You Must Build A Boat is roughly the videogame equivalent of patting your tummy and rubbing your head.
It’s an endless runner and match-three game that plays out simultaneously, and then deviously lobs into the mix various chunks hacked off of RPGs. By the time you’re halfway through, your brain will be breaking, due to the frenetic pace of it all, as you attempt to find weapons to kill psychotic foes while the clock relentlessly counts down.
Initially, things are a touch more sedate. You start out on a little canoe, and some cohorts give your captain an overview of how the game works. At the top of the screen is the endless running bit — a thin strip in which the captain sprints. Periodically, he’ll come across an obstacle that needs to be passed, which might be a locked chest potentially full of treasure or a monster in need of being slain before it tears his face off.
Punishment and mockery
In most endless runners, you’d swipe to duck, tap to leap, and swipe in some other direction to unleash stabby death. But in You Must Build A Boat, actions are determined by matching tiles on the board beneath the aforementioned strip. It’s a bit like Bejeweled, except the gems are swords, shields and keys, entire rows and columns move as one, and failure results in your bloke getting rudely shoved off of the left-hand side of the screen.
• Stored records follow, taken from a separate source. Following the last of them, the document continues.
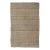 Vintage Turkish Flat-Weave Striped Kilim in Taupe Colors For Sale
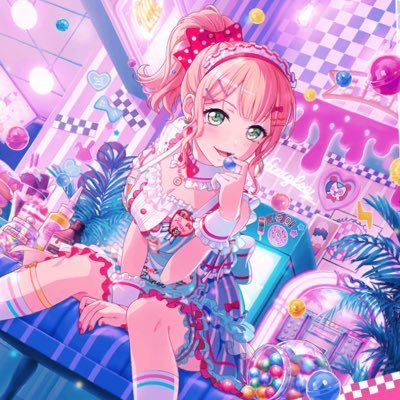 ゲーム、アニメなど日常を呟きます。 気軽に申請よろしく!/ #クラフィ ランク800↑ /#ポケモンGO TL47 /#バンドリ! ひまり推し /#モンハンNOW HR100↑ /#フェレット 2匹おる /#フットサル /#ランニング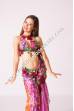 Costume danse orientale Hilal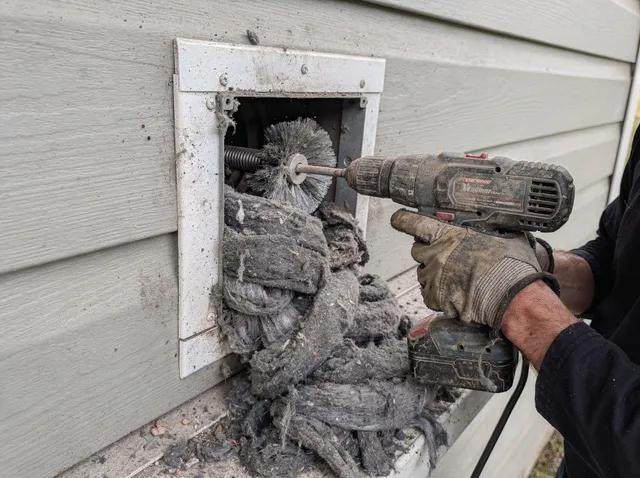 Dryer Vent Cleaning service in Valley Falls, RI
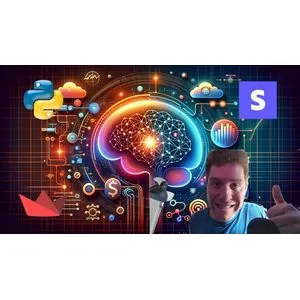 Udemy – Build a Generative AI Micro-SaaS App with Python & Streamlit 2024-2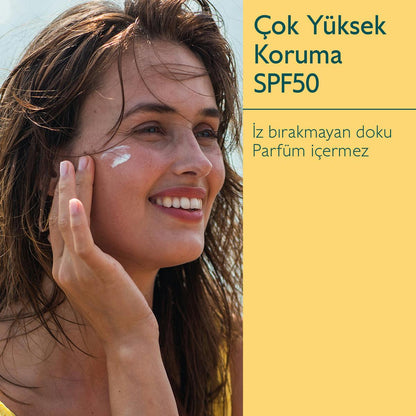 Caudalie Vinosun Spf50+ Ocean Protect Güneş Koruyucu Krem 40 ml - Melori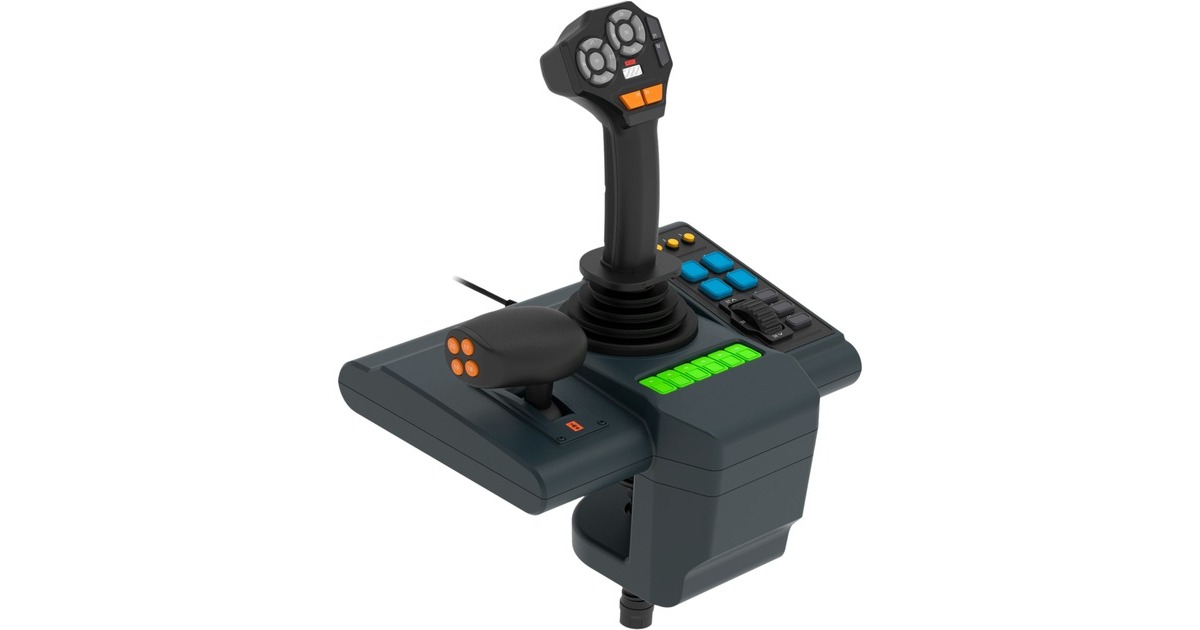 HORIFarming Vehicle Control System simulatorset  (Zwart)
Amusingly, such a defeat is followed by a screen cheerily announcing YOU WIN in huge letters. This game, clearly, is more than happy to smash your brains out, while also serving up a line in friendly mocking humour. That said, the statement isn’t entirely inaccurate, because matches and open chests help you gradually amass crew, ship components and currency, which can be used to buy upgrades. You can then plunge back into the dungeons with sharper swords, stronger shields, and power-ups such as fireballs to fry anyone who happens to get in your way.
There are no in-app purchases — this is a pay-once-and-play game. And while it can be a bit repetitive, it’s rarely a grind. Aside from the odd difficulty spike, you always feel you’re moving onwards with each run, especially once you grasp the depth lurking in the game, mastering dungeons that subtly adjust the effectiveness of tiles and weapons as you sprint to temporary glory.
There is an ending, but you’ll be smacked back dozens of times before you get there. Lesser gamers would walk away, but you just can’t, because this title is far too much fun; and, besides, you must build a boat.